CT is a new requirement that will be mandatory from early next year and will require that all certificates are logged in a public log if the browser is to trust them. You can read the article for more details on CT but what will generally happen is that a CA will log all certificates it issues in a CT log.
These logs are totally public and anyone can search them so the idea is that if a certificate is issued for your site, you will know about it. For example, here you can see all certificates issued for my domain and you can search for your own, you can also use CertSpotter from sslmate to do the same and I use the Facebook Certificate Transparency Monitoring tool which will send you an email each time a new certificate is issued for your domain/s. CT is a fantastic idea and I can't wait for it to become mandatory but there is one thing to note and it's that CT is only the first step. Knowing about these certificates is great but we still have all of the above mentioned problems with revoking them. That said, we can only tackle one problem at once and having the best revocation mechanisms in the world is no good if we don't know about the certificates we need to revoke. CT gives us that much at least.
Certificate Authority Authorisation
Stopping a certificate being issued is much easier than trying to revoke it and this is exactly what Certificate Authority Authorisation allows us to start doing. Again, there are further details in the linked article but the short version is that we can now authorise only specific CAs to issue certificates for us instead of the current situation where we can't indicate any preference at all. It's as simple as creating a DNS record:
scotthelme.co.uk. IN CAA 0 issue "letsencrypt.org"
Whilst CAA isn't a particularly strong mechanism and it won't help in all mis-issuance scenarios, there are some where it can help us and we should assert our preference by creating a CAA record.
As it currently stands there is a real problem, we can't revoke certificates if someone obtains our private key. Just imagine how that will play out the next time Heartbleed comes along! One thing that you can do to try and limit the impact of a compromise is to reduce the validity period of certificates you obtain. Instead of three years go for one year or even less. Let's Encrypt only issue certificates that are valid for ninety days! With a reduced lifetime on your certificate you have less of a problem if you're compromised because an attacker has less time to abuse the certificate before it expires. Beyond this, there's very little we can do.
To demonstrate the issue and just how real this is, try and visit the new subdomain I setup on my site, revoked.scotthelme.co.uk. As you can probably guess this subdomain is using a revoked certificate and there's a good chance that it will load just fine.
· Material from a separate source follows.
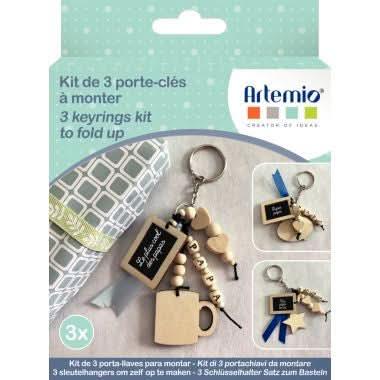 Kit de 3 porte-clés en bois pour Papa - Ma Rentrée Facile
If it doesn't, if you do get a warning about the certificate having expired, then your browser is still doing an OCSP check and you just told the CA you were going to my site. To prove that this soft fail check is pointless you can add a hosts entry for
ocsp.int-x3.letsencrypt.org to resolve to
127.0.0.1 or block it via some other means and then try the same thing again. This time the page will load just fine because the revocation check will fail and the browser will continue loading the page. Some use that is...
The final point I want to close on is a question, and it's this. Should we fix revocation? That's a story for another day though!